=== Section Start ===

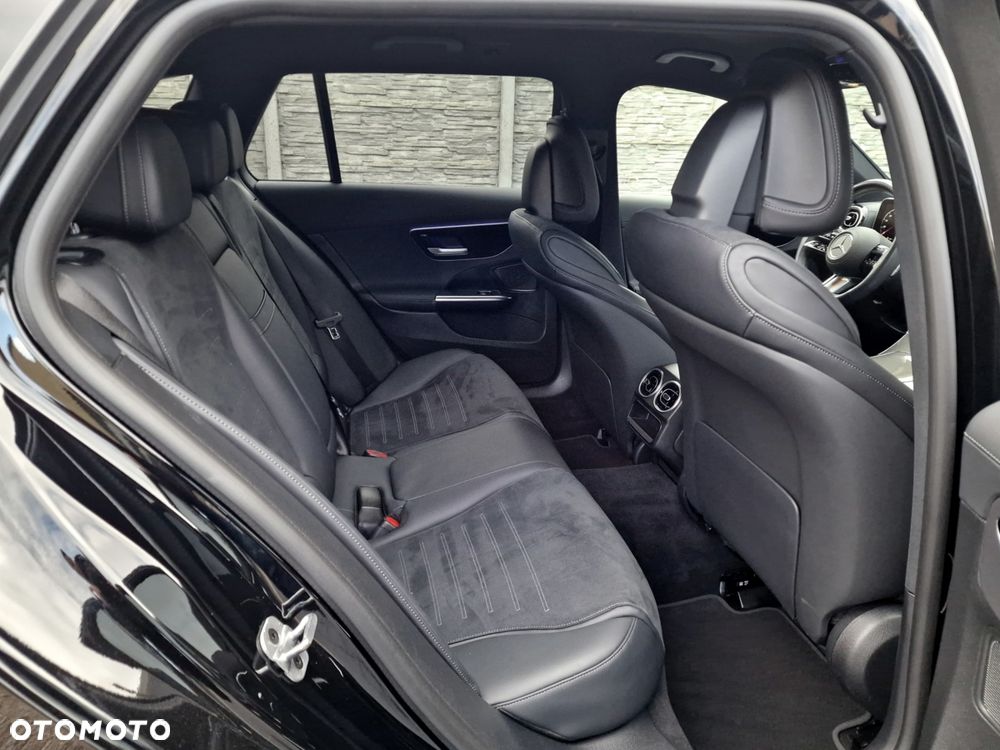 Mercedes-Benz Klasa C 300 d 9G-TRONIC - 21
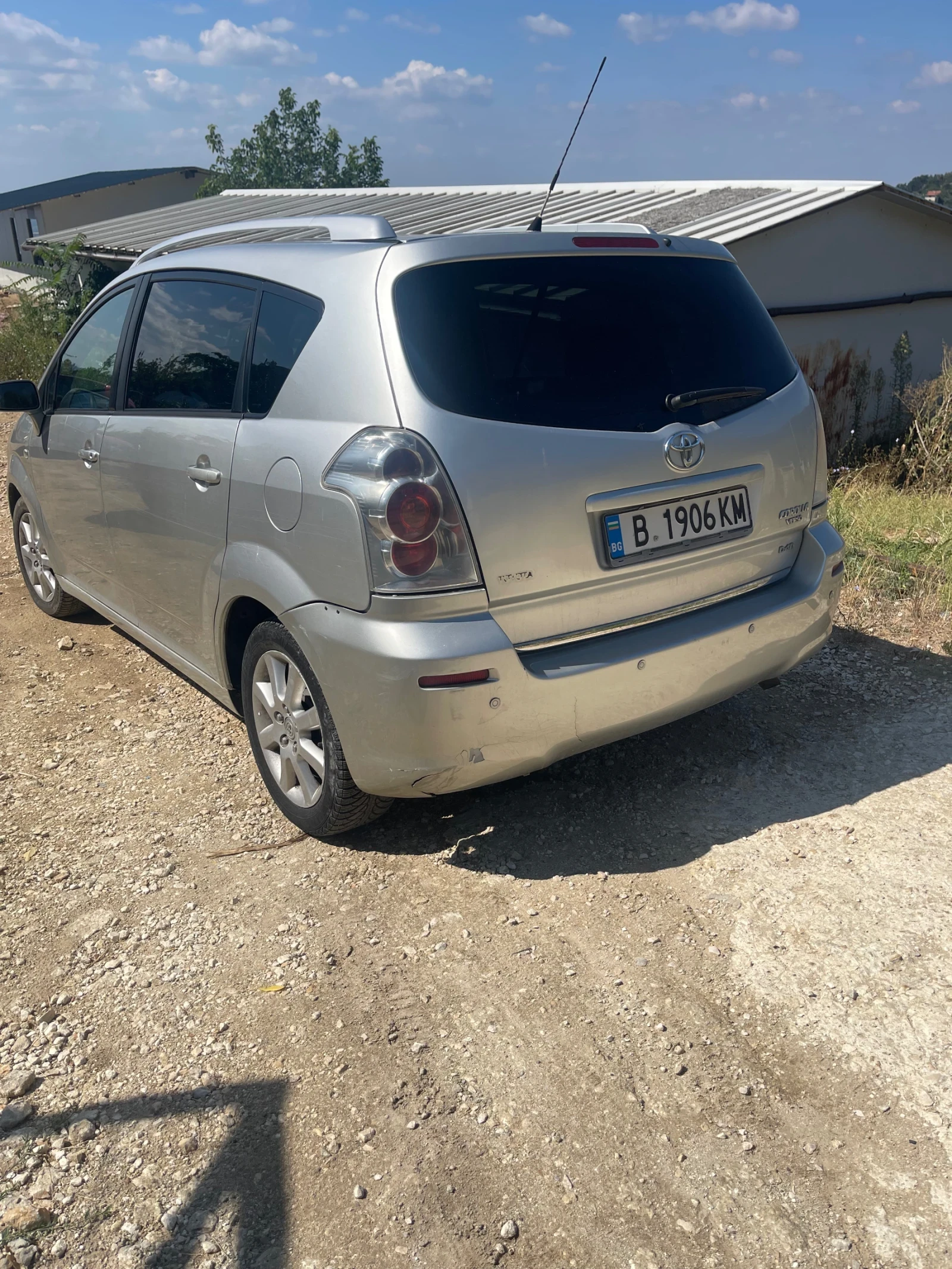 Toyota Corolla verso D4D, снимка 3 - Автомобили и джипове - 55844794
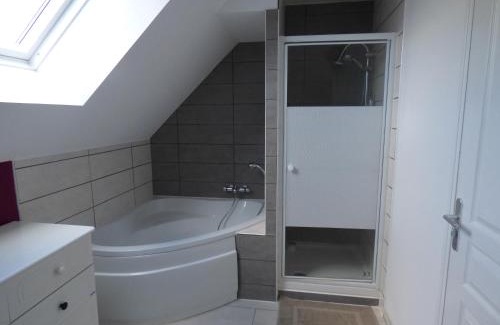 Juilley Bed & Breakfast | Chambre familiale proche Mont St Michel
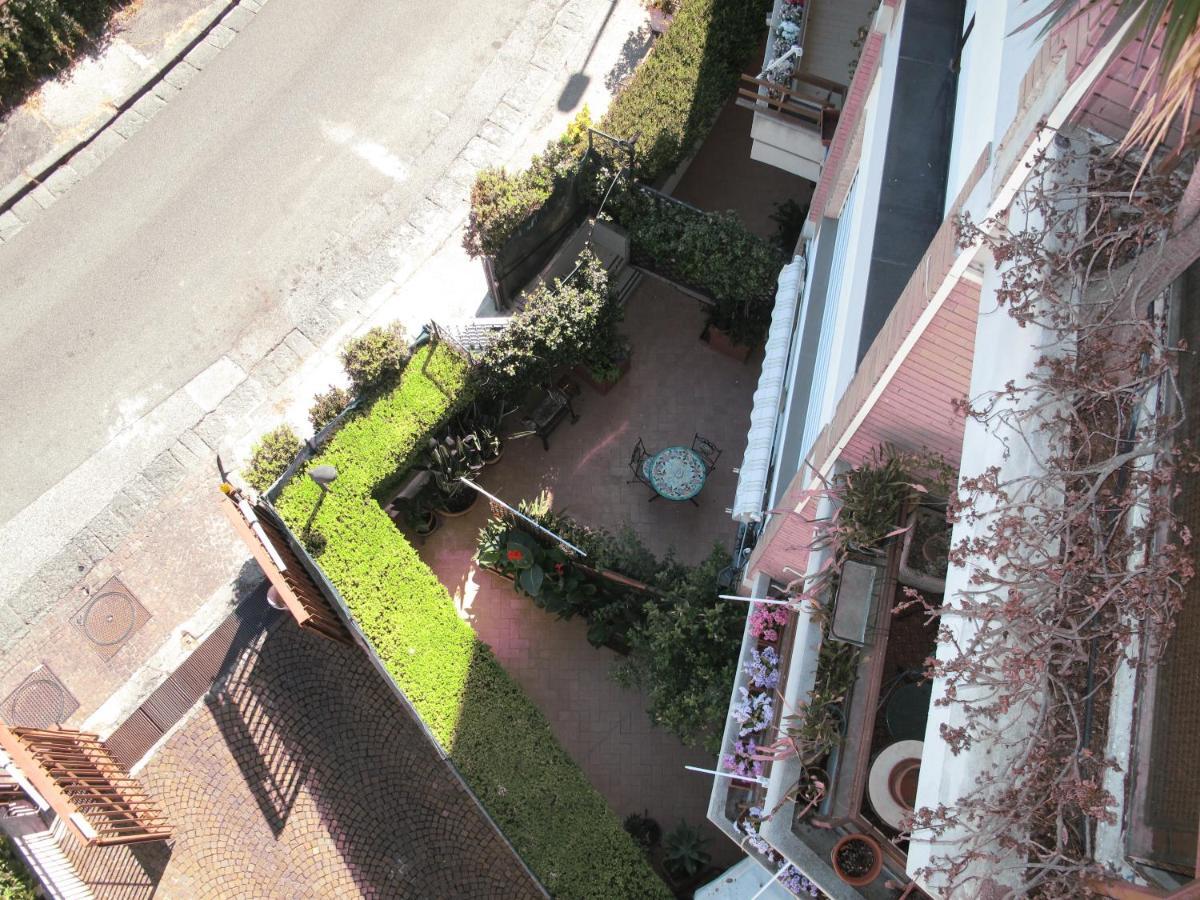 Monocamera Con Terrazzogiardino -Studette -Zona Panoramica Posillipo Nápoles Exterior foto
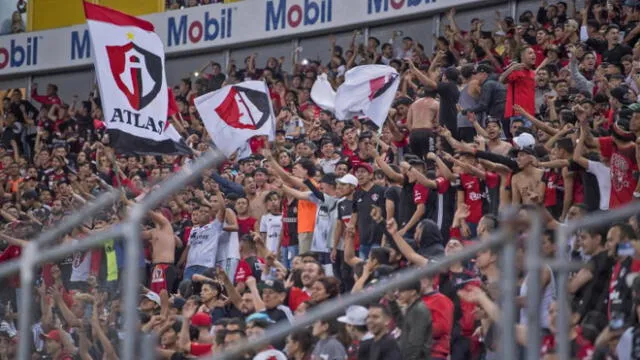 DT del Atlas critica a la hinchada de su equipo por grito homofóbico [VIDEO]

=== Section End ===

§ **Work task**: Pictures aside, restate the entries word for word.

§ **Reply to the task**:
 Mercedes-Benz Klasa C 300 d 9G-TRONIC - 21
 Toyota Corolla verso D4D, снимка 3 - Автомобили и джипове - 55844794
 Juilley Bed & Breakfast | Chambre familiale proche Mont St Michel
 Monocamera Con Terrazzogiardino -Studette -Zona Panoramica Posillipo Nápoles Exterior foto
 DT del Atlas critica a la hinchada de su equipo por grito homofóbico [VIDEO]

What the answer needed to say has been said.